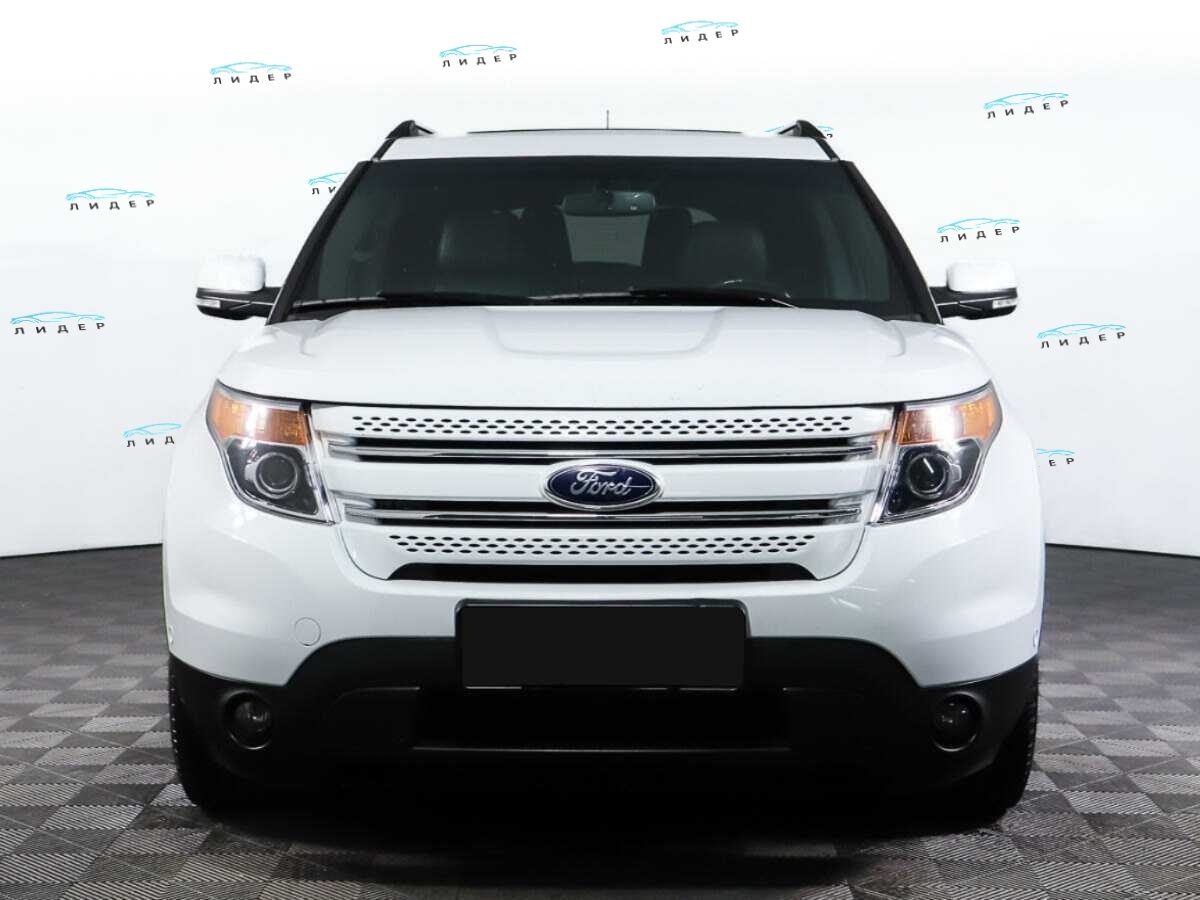 Б/У Форд Експлорер 2013 года. Фото: #1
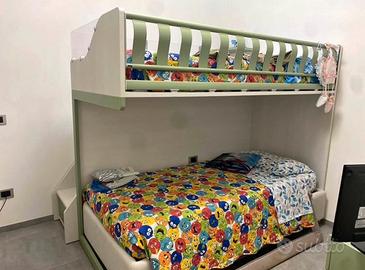 Soppalco Moretti compact con scala e corridoio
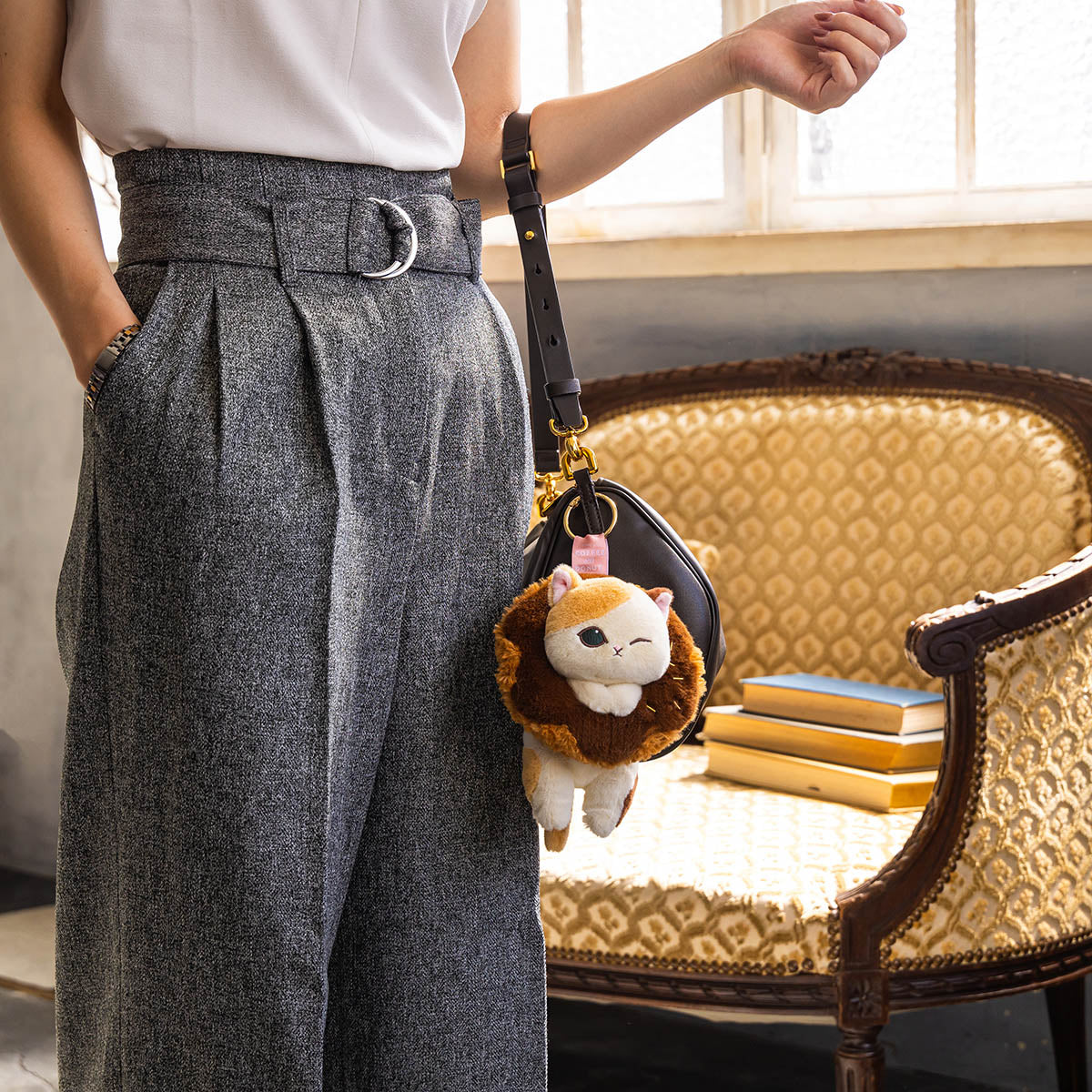 mofusand COFFEE AND DONUTS Mascot Keychain (Milk Chocolate)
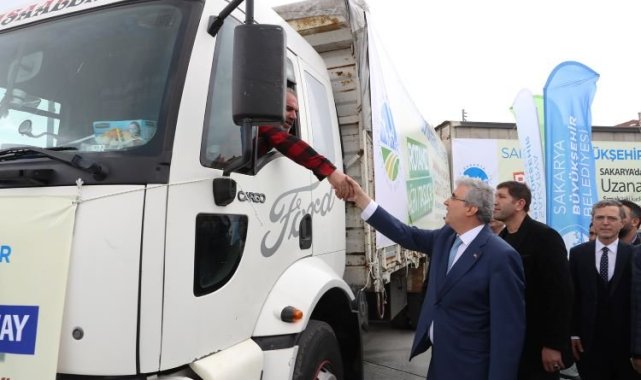 Sakarya Büyükşehir'in yardım tırları dualarla uğurlandı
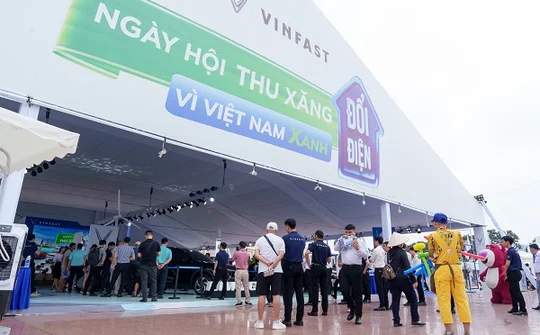 VinFast hút khách với chương trình “Đổi xăng – lấy điện”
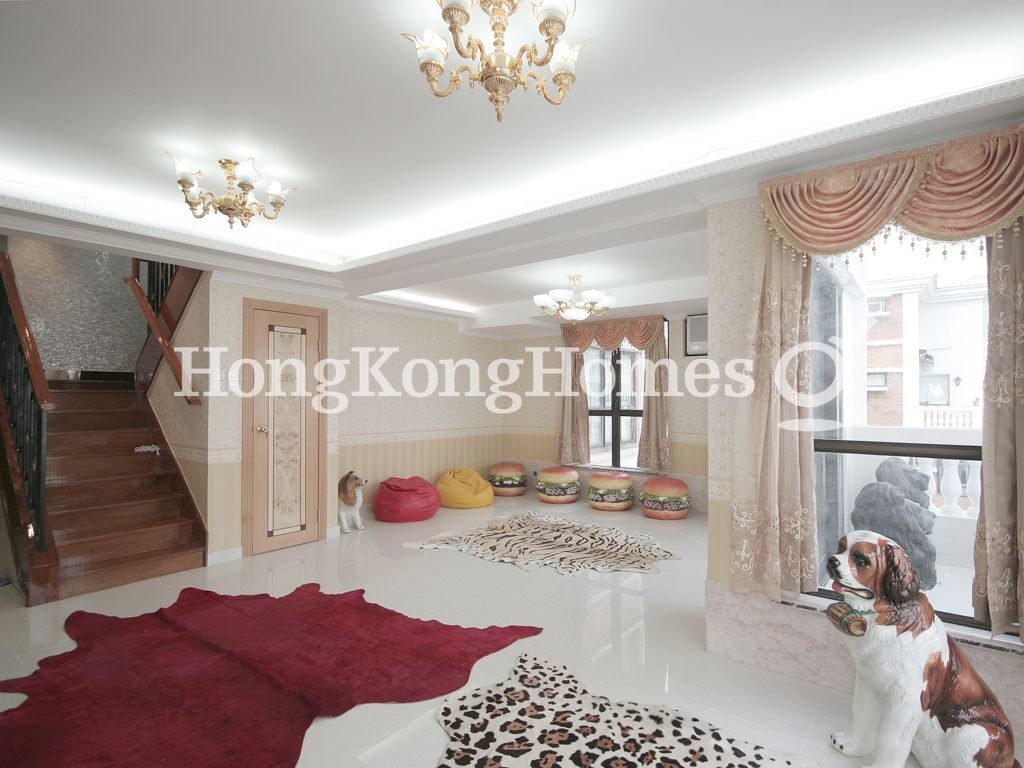 Living and Dining Room — Parc Oasis - Phase 03, Tower 19, Kowloon Tong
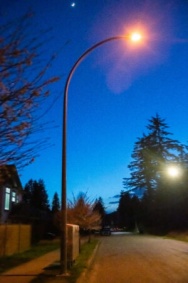 What are the parts of a street light?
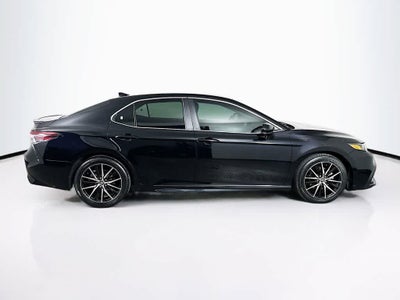 Toyota Camry SE 2021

= = = =

* **Task description**
In the copy, every entry appears exactly as written above and no picture appears.

* **Exercise answer**
 Б/У Форд Експлорер 2013 года. Фото: #1
 Soppalco Moretti compact con scala e corridoio
 mofusand COFFEE AND DONUTS Mascot Keychain (Milk Chocolate)
 Sakarya Büyükşehir'in yardım tırları dualarla uğurlandı
 VinFast hút khách với chương trình “Đổi xăng – lấy điện”
 Living and Dining Room — Parc Oasis - Phase 03, Tower 19, Kowloon Tong
 What are the parts of a street light?
 Toyota Camry SE 2021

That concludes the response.